_Activity_.
Reproduce the material below only from the line with "Max Nourish Herbal" to the line with "NWOT POLO RALPH", both included, keeping each line exact and dropping the pictures.

_Source material_.
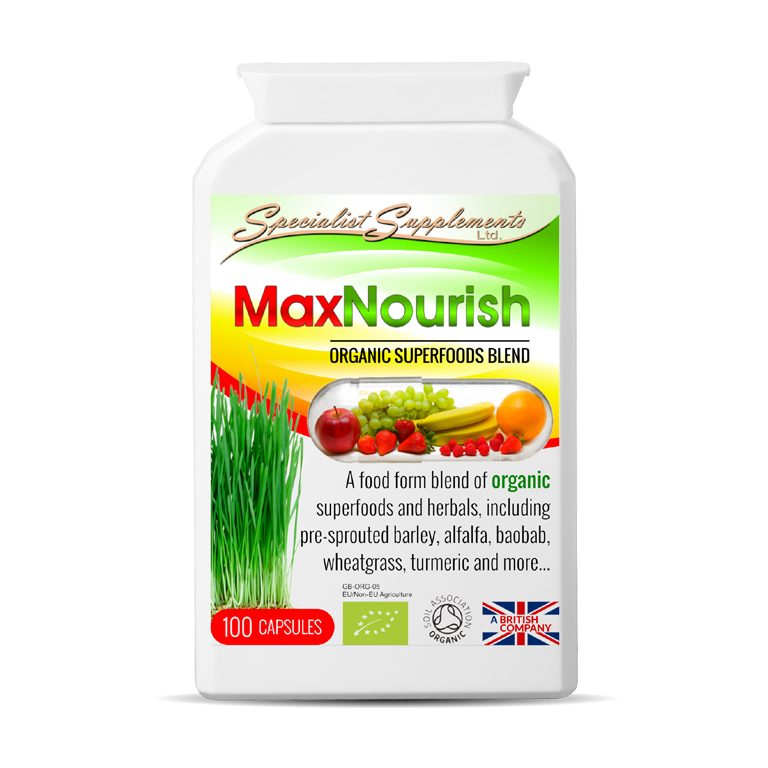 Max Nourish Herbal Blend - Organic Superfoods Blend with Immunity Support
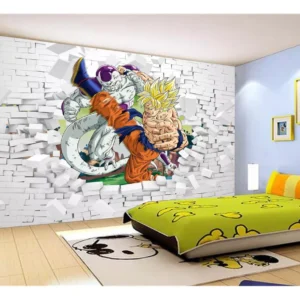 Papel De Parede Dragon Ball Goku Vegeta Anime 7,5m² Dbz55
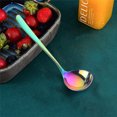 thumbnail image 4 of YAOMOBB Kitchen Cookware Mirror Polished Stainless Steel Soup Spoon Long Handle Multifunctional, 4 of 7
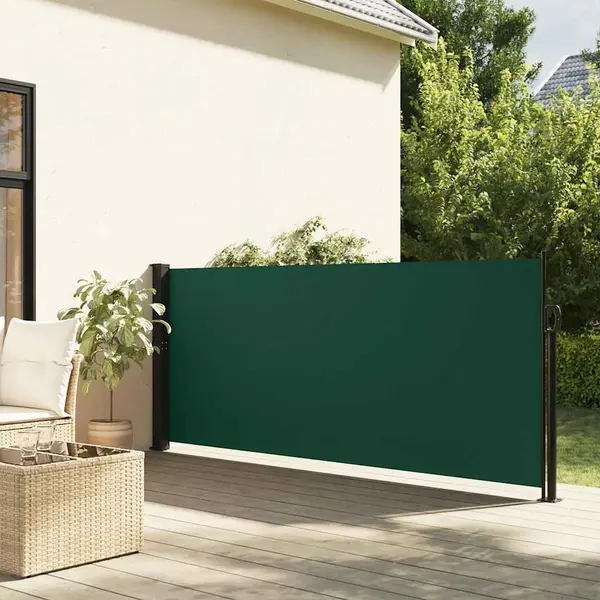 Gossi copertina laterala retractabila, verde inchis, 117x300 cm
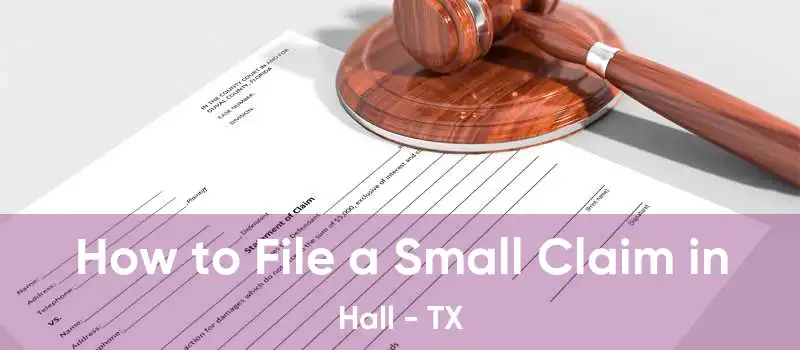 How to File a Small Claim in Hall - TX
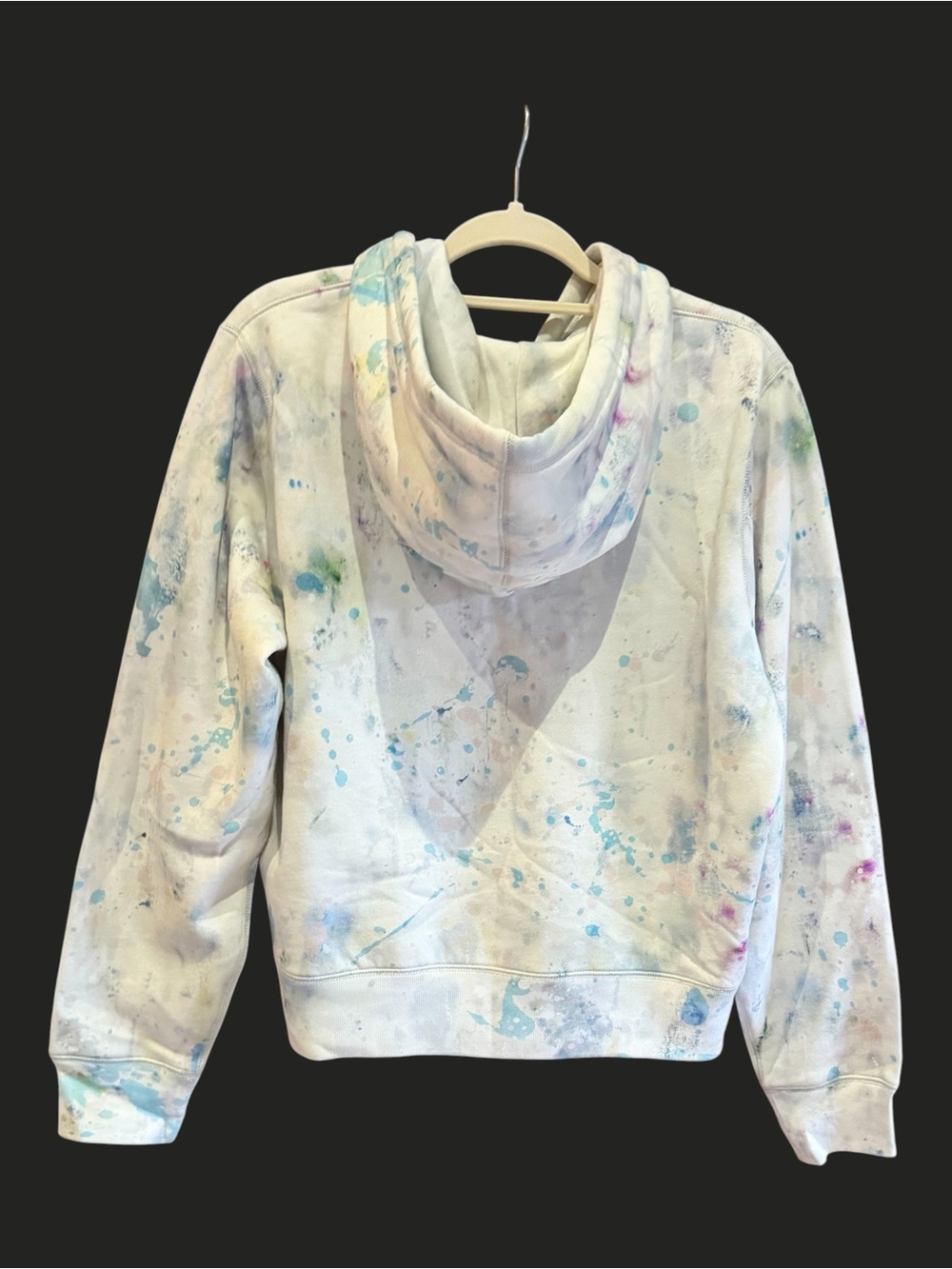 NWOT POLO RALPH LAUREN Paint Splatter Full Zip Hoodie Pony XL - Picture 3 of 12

==

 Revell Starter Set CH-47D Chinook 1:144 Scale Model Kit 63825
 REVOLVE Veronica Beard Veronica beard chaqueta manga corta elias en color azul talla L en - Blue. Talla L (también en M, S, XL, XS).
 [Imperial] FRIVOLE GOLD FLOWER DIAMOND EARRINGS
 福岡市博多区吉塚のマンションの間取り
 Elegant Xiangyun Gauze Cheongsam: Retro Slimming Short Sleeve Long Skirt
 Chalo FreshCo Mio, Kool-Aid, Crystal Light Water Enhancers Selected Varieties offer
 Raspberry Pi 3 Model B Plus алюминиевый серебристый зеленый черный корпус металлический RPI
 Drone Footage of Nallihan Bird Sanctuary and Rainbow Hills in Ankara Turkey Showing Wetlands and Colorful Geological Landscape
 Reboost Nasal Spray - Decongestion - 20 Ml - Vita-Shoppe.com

==

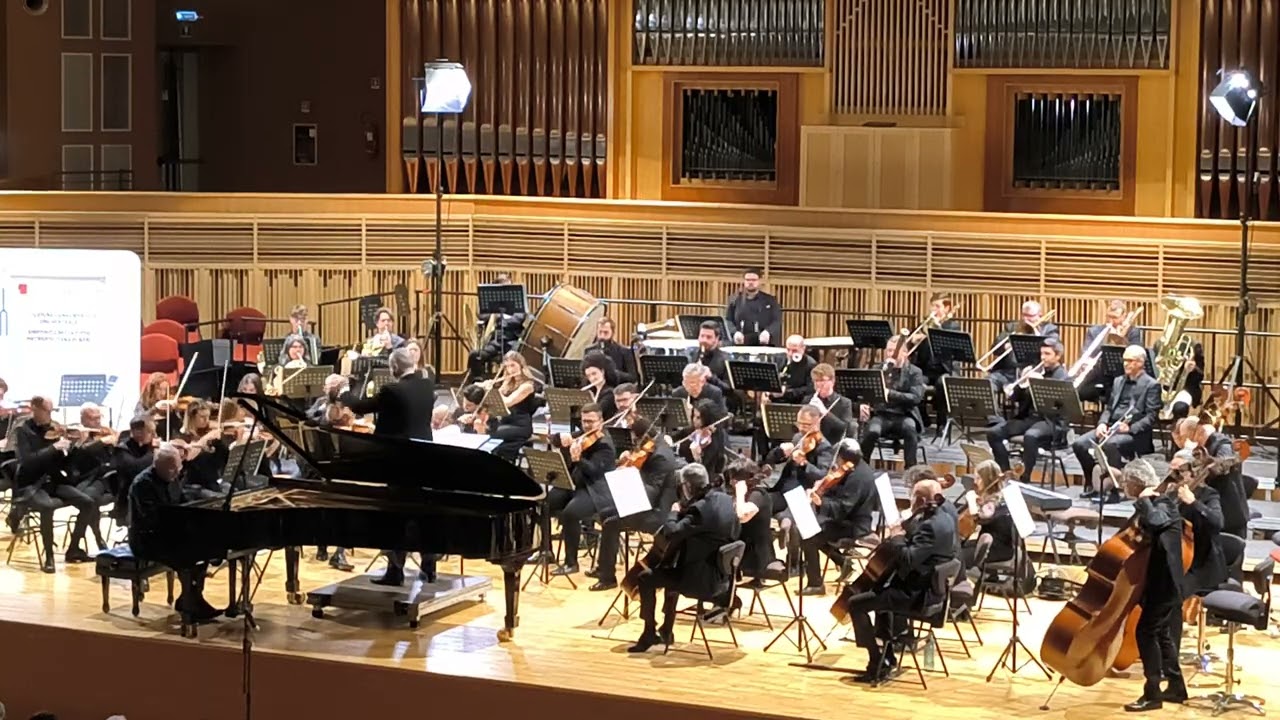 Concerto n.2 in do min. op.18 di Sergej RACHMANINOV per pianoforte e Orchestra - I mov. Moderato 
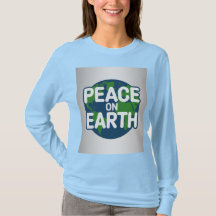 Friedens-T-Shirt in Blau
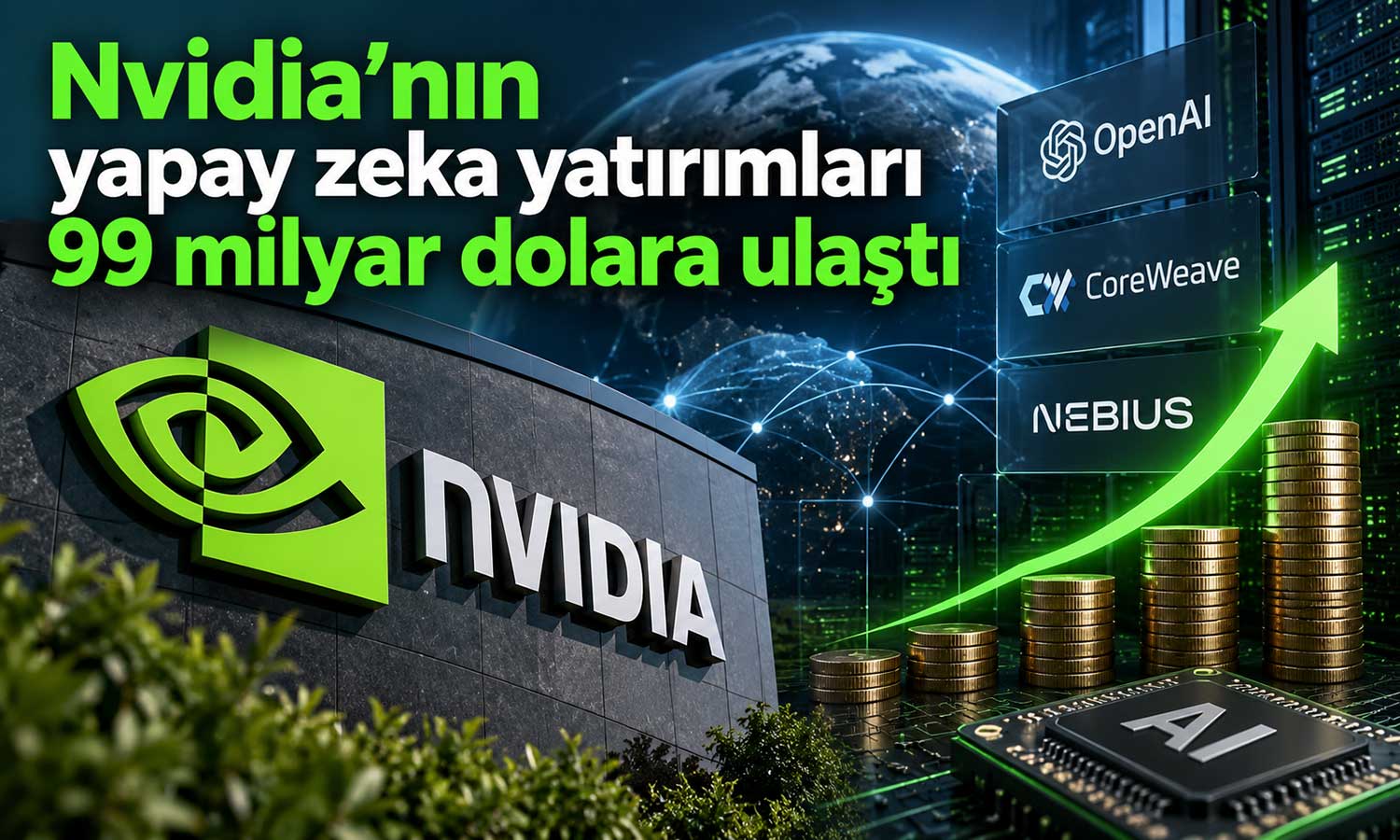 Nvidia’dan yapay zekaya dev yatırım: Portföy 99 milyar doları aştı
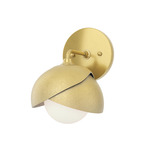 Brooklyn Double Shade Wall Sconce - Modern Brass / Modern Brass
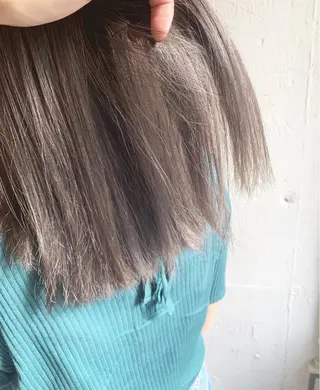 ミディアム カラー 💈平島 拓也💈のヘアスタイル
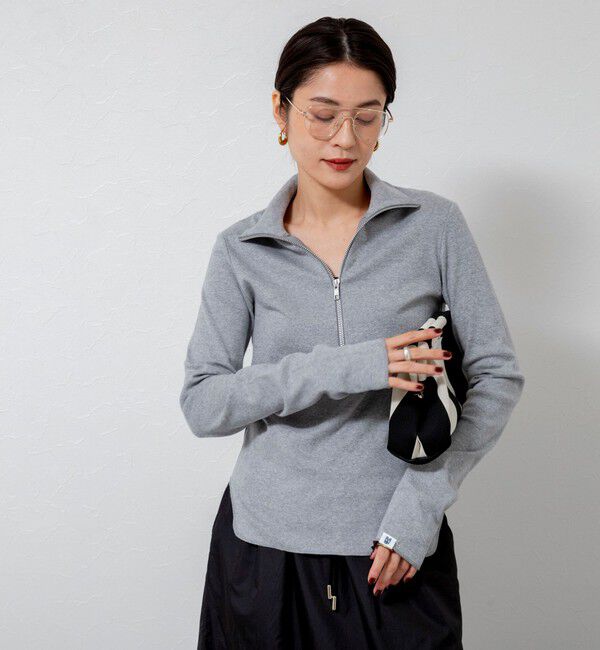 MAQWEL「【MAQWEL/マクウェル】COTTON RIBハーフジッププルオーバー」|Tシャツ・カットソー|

_Completed exercise_.
 Max Nourish Herbal Blend - Organic Superfoods Blend with Immunity Support
 Papel De Parede Dragon Ball Goku Vegeta Anime 7,5m² Dbz55
 thumbnail image 4 of YAOMOBB Kitchen Cookware Mirror Polished Stainless Steel Soup Spoon Long Handle Multifunctional, 4 of 7
 Gossi copertina laterala retractabila, verde inchis, 117x300 cm
 How to File a Small Claim in Hall - TX
 NWOT POLO RALPH LAUREN Paint Splatter Full Zip Hoodie Pony XL - Picture 3 of 12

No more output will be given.